六点半天开始透出光,白色的、朦胧的,之下是一片寂静。小贩们开始推着豆浆、油条以及玉米,推着昨天晚上收获的粮食,在别人的梦里出动,每个小贩都有自己固定的贩卖位置,街口的、酒店岔路或者度假区的入口,在清晨七点摆好东西,食物开始发出香味, 幕天席地。这是盘古刚刚诞生时候的世界,黑白未分,混沌未清。和小贩和清洁马路的人,三三两两的,古老的神性在心里复活,我觉得我们正像上帝和盘古那样开辟世界,创造生命,等待黎明的到来。清晨7点钟是神的时间,古代的时间,时间之外的时间,它不受时间流逝标准的限制。假设说有人能够穿越时空回到过去和未来的话,那么一定是在清晨7点钟,或者黄昏7点。

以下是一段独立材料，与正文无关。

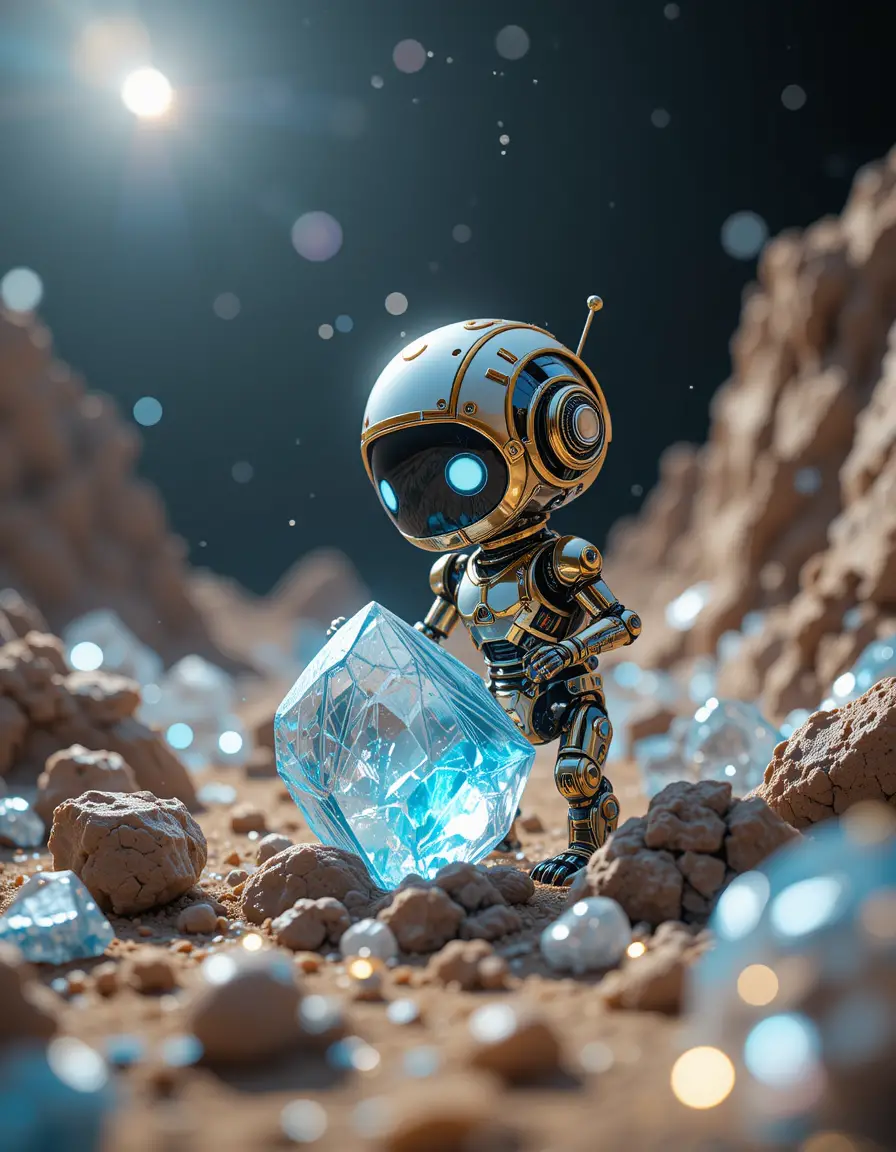 Cute little robot exploring a glowing crystal desert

道路两旁以前是这个小城市最广阔的一片稻田,在秋天将到未到的时候,我们就一遍遍骑着单车绕着田埂走,少女们的裙子和芳香,总在稻谷未完全成熟的季节浓郁起来,而到秋天的时候,这里是甜瓜、黄瓜、向日葵、花生以及各种蔬果接近衰败、撤退的时间,秋天让它们变得珍贵,承载着少年们一整个夏天的疯狂、偷袭和饥饿和有关爱情幻想的记忆。而现在这片稻田正荒草重生,推土机从四面八方逼走夏天和秋天,逼走记忆。一瞬间我们就发现我们老了,昨天的记忆作古了,我们的祖先恍如没有存在过。

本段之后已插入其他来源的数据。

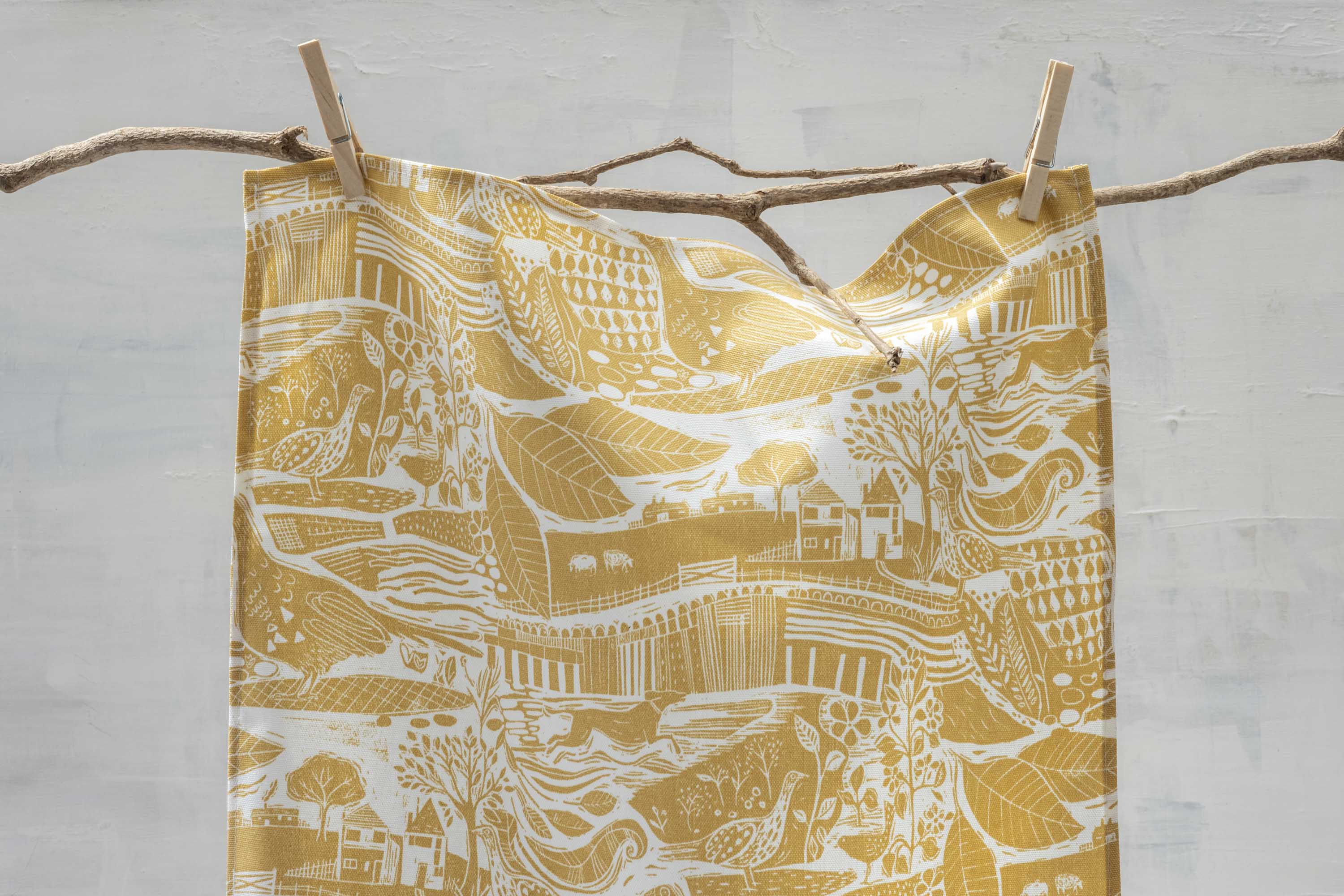 Sam Wilson Through The Fields Ochre Tea Towel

前面那个晨跑的女人老了,臀部下垂,乳房也下垂着,指向大地。我母亲也差不多如此了,古老的生命韵律是面向大地的,而未来留给了下一代,留给了我们。在她垂向大地的那一刻,儿子们还未发现母亲们的时钟已留给了自己,“永恒的女性,引领我们飞升”。迎面跑来的老头穿个老旧的背心,估计他退休时候就开始穿了,手臂摇摆得平静协调,不像少年人那样轻佻,人必坚固的热爱和热爱过生活中的一些东西。那个老头我碰见很多次了,每次都是那件背心,同样的手势,每次都是在清晨7点一刻的时候,跑到桥的正中心,流水南去,逝者如斯夫。

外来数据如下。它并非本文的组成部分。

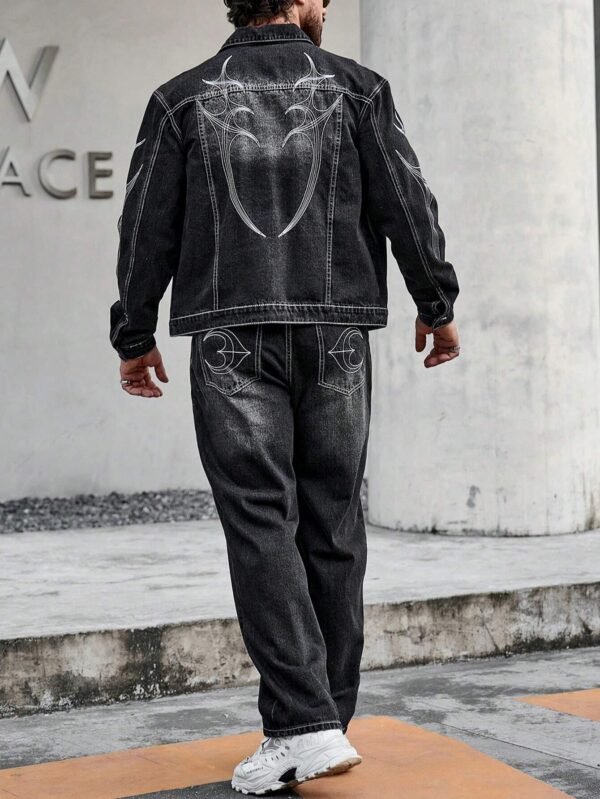 Manfinity EMRG Veste manches longues jean imprimé – Image 2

二零零四年,老美在昆明拳馆打拳,鼻梁骨被西藏特种兵打折了,痛,睡不着,早晨七点钟的时候把我拖出屋子,从小西门跑到滇池路。那天早上,太阳是从老美的歪鼻子上冒出来的,当时我们正坐在阳光花园岔路口的小贩那里喝豆浆稀饭,公共汽车一辆辆从黑夜里开了出来,接着穿戴整齐的姑娘们来了,接着缓慢儒雅的老头老婆婆们来了,各种声音跟随着公共汽车的尾气排放出来,热的、冷的、半生半熟的,各种温度也出来了,接着太阳就从老美坐的那边冒出头来,昏黄的,老美还笑着,正西里呼噜喝着稀饭,等他抬起头来,太阳就照亮了他的歪鼻子。